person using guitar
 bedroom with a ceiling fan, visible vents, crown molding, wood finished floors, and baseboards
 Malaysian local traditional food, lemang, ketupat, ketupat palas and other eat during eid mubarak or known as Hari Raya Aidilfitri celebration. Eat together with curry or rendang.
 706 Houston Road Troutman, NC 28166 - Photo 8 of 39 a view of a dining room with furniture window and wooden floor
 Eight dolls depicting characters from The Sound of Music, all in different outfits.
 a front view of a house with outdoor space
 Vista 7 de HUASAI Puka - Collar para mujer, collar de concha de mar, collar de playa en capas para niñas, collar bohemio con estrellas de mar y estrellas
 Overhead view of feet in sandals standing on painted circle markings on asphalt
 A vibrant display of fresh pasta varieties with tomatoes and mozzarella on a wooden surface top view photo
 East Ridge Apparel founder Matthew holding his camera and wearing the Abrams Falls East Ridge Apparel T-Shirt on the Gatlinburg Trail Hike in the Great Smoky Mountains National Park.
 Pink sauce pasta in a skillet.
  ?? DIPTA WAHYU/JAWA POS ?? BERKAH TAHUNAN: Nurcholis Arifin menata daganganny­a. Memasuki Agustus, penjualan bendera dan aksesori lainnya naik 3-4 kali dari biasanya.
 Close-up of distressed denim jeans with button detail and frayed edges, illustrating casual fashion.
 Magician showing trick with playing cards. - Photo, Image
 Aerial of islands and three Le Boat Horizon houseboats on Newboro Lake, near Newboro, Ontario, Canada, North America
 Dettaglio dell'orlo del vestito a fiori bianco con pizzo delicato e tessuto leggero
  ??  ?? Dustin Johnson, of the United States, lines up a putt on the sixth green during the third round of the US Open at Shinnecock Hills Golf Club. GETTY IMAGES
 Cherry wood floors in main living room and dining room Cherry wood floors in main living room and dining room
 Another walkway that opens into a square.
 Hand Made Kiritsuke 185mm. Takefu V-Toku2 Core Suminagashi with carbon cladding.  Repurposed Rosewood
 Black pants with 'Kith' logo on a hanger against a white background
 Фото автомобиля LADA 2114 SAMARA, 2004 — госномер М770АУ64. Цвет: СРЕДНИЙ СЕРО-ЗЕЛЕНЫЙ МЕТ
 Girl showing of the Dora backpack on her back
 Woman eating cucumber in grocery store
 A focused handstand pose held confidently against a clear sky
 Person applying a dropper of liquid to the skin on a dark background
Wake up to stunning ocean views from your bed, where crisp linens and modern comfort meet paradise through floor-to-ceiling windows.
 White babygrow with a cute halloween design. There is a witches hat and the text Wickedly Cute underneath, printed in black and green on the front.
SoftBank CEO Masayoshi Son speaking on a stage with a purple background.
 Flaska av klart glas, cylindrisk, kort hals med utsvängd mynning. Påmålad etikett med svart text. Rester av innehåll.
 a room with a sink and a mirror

- [TRY IT]: Within the listing above, the range opens at the line with "Girl showing of" and closes at the line with "White babygrow with". Reproduce exactly the lines of that range, including both ends.

- [FINAL ANSWER]:
 Girl showing of the Dora backpack on her back
 Woman eating cucumber in grocery store
 A focused handstand pose held confidently against a clear sky
 Person applying a dropper of liquid to the skin on a dark background
Wake up to stunning ocean views from your bed, where crisp linens and modern comfort meet paradise through floor-to-ceiling windows.
 White babygrow with a cute halloween design. There is a witches hat and the text Wickedly Cute underneath, printed in black and green on the front.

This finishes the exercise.